Would you please return the data below verbatim, without its pictures?

Supplied information
---*---

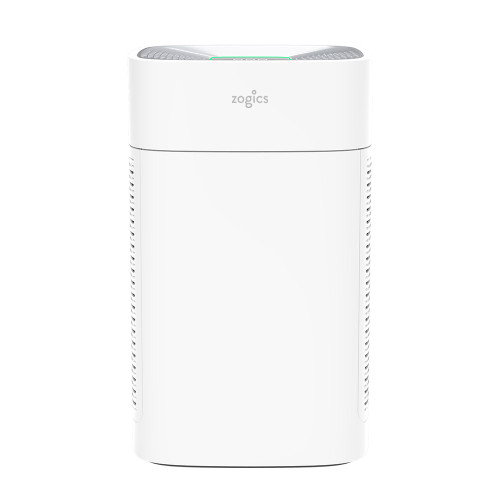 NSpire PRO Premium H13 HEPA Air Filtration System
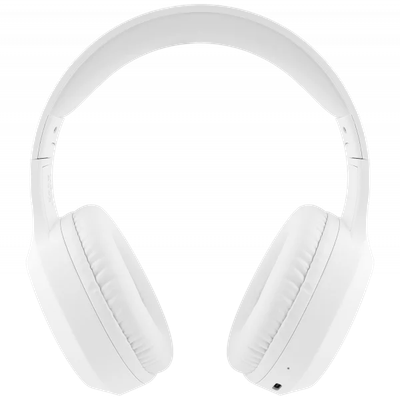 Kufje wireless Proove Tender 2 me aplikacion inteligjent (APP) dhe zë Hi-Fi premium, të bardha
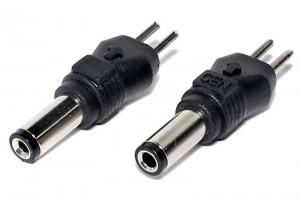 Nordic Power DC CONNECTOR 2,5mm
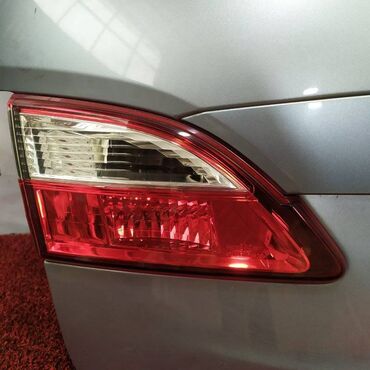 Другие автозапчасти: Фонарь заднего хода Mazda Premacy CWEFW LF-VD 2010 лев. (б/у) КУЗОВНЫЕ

---*---

Solution for this problem
 NSpire PRO Premium H13 HEPA Air Filtration System
 Kufje wireless Proove Tender 2 me aplikacion inteligjent (APP) dhe zë Hi-Fi premium, të bardha
 Nordic Power DC CONNECTOR 2,5mm
 Другие автозапчасти: Фонарь заднего хода Mazda Premacy CWEFW LF-VD 2010 лев. (б/у) КУЗОВНЫЕ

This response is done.